PROMPT:
Every line of the material needs an exact copy, apart from the images.

COLLECTED DATA:
----

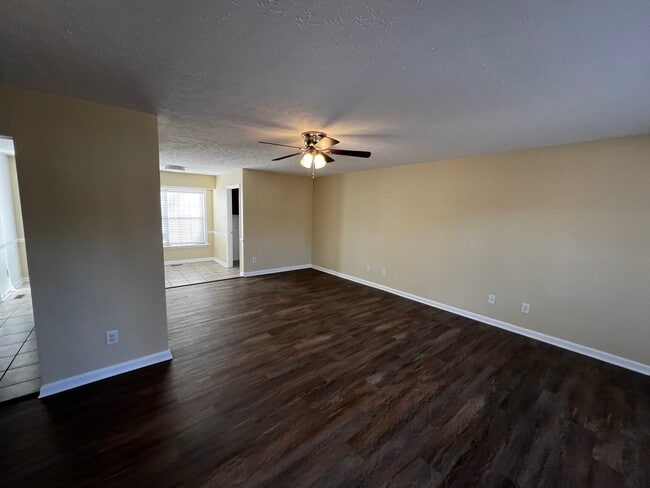 Photo - 5220 Redfield Dr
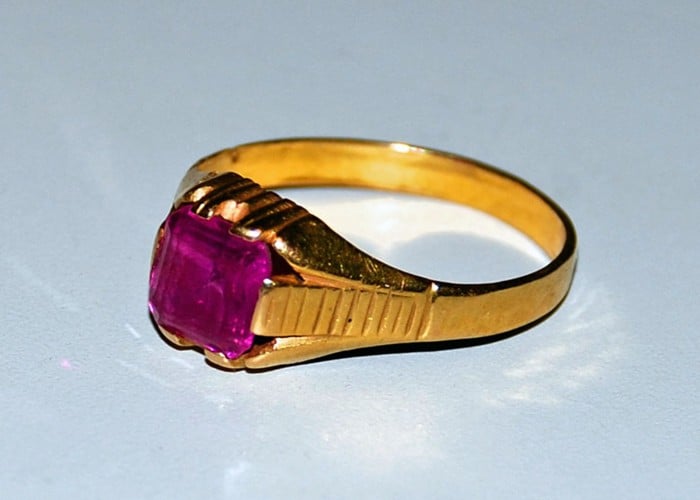 Manik Gemstone Benefits: सूर्य ग्रह से संबंधित होता है माणिक्य रत्न, जानिए किसे पहनना चाहिए और किसे नहीं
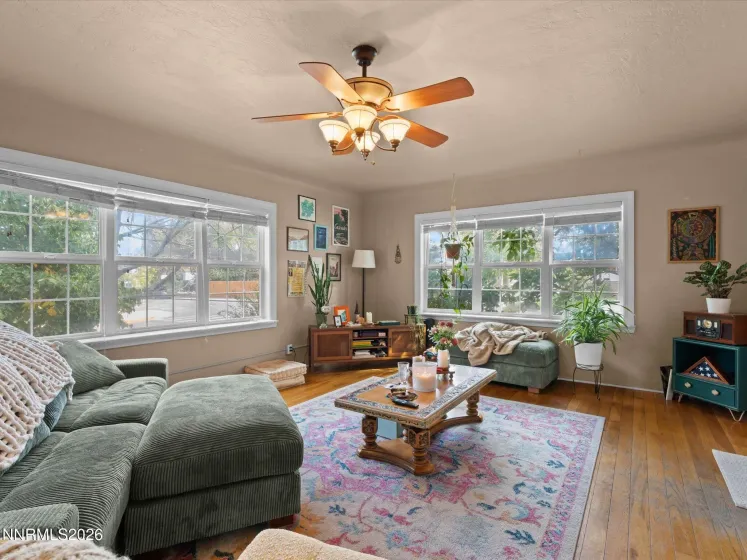 341 Arroyo, Reno, Nevada 89509, 4 Bedrooms Bedrooms, ,4 BathroomsBathrooms,Residential Income,Residential,Arroyo,0,260011940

----

RESULT:
 Photo - 5220 Redfield Dr
 Manik Gemstone Benefits: सूर्य ग्रह से संबंधित होता है माणिक्य रत्न, जानिए किसे पहनना चाहिए और किसे नहीं
 341 Arroyo, Reno, Nevada 89509, 4 Bedrooms Bedrooms, ,4 BathroomsBathrooms,Residential Income,Residential,Arroyo,0,260011940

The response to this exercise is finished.